Comments (8)
Thanks @marvinlanhenke π
To write the relevant structues into Parquet, the statistics_enable field needs to be Page
To read them back, the reader needs to be configured with with_page_index I think
Also I have a proposed change to the Statistics code in #10802
If that gets merged, then the API for extracting the mins from data pages might look like
// get relevant index statistics somehow
let data_page_statatistics: Vec<&Statistics> = todo!();
let converter = StatisticsConverter::try_new(
column_name,
reader.schema(),
reader.parquet_schema(),
);
// get mins from the ColumnIndex
let mins = converter.column_index_mins(data_page_statatistics).unwrap();
from arrow-datafusion.
The proposed Api looks nice πUntil the merge I can use the time to explore and prototype. Thanks for the pointers
from arrow-datafusion.
@marvinlanhenke -- I whipped up something (actually I had been playing with it yesterday) #10843
from arrow-datafusion.
@alamb
I was briefly looking at this, trying to understand whats needed here.
Do we already have a helper fn at place to write a parquet file with Page Index
statistics? While I was "prototyping" I tried to get the metadata.column_index()
by using the existing make_test_file_rg
- but it seems page index stats are not written (None)?
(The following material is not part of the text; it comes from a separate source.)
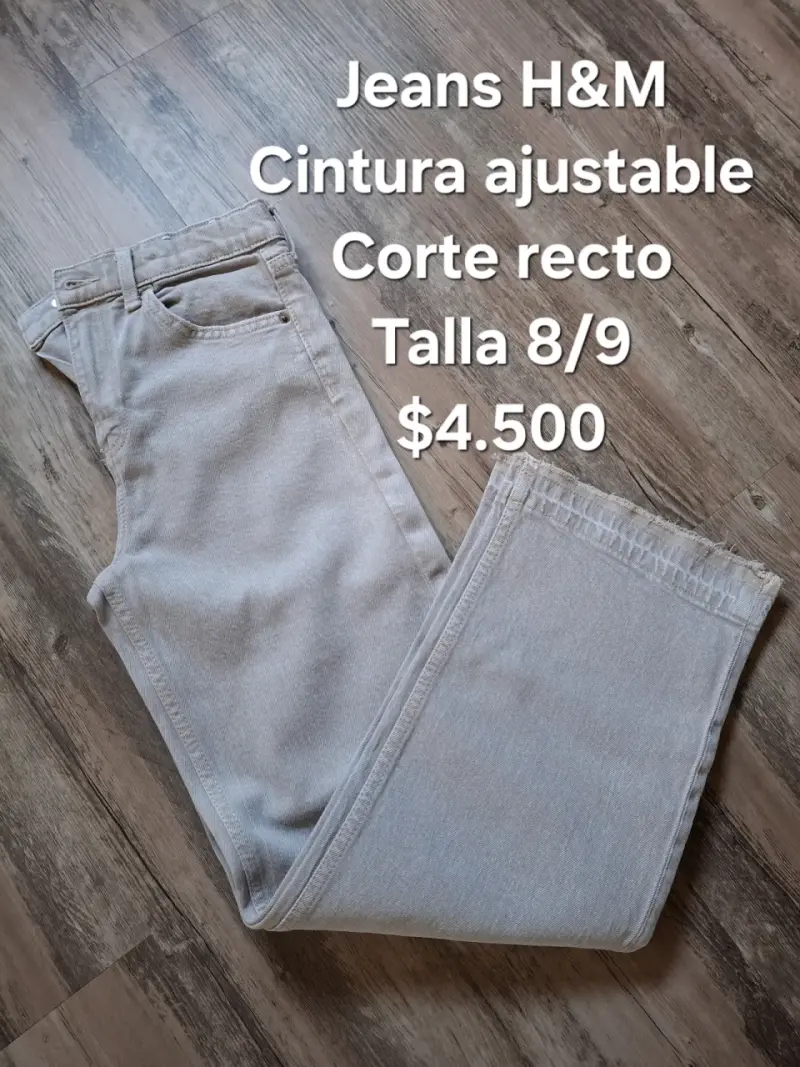 Jeans H&M cintura ajustable corte recto talla 8/9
I'll keep on looking - but perhaps you have a quick pointer here, where to look?
from arrow-datafusion.
@alamb
I'm currently thinking about how to integrate StatisticsConverter
with the existing code prune_pages_in_one_row_group
.
This is what I originally had in mind for the converter method:
pub fn column_index_mins(&self, metadata: &ParquetMetaData) -> Result<ArrayRef> {
let data_type = self.arrow_field.data_type();
let Some(parquet_column_index) = metadata.column_index() else {
return Ok(self.make_null_array(data_type, metadata.row_groups()));
};
let Some(parquet_index) = self.parquet_index else {
return Ok(self.make_null_array(data_type, metadata.row_groups()));
};
let row_group_page_indices = parquet_column_index
.into_iter()
.map(|x| x.get(parquet_index));
min_page_statistics(Some(data_type), row_group_page_indices)
}
So we would simply create an iterator for all row group's column indices, match the index and apply the statsfunc. Which works - all tests are passing.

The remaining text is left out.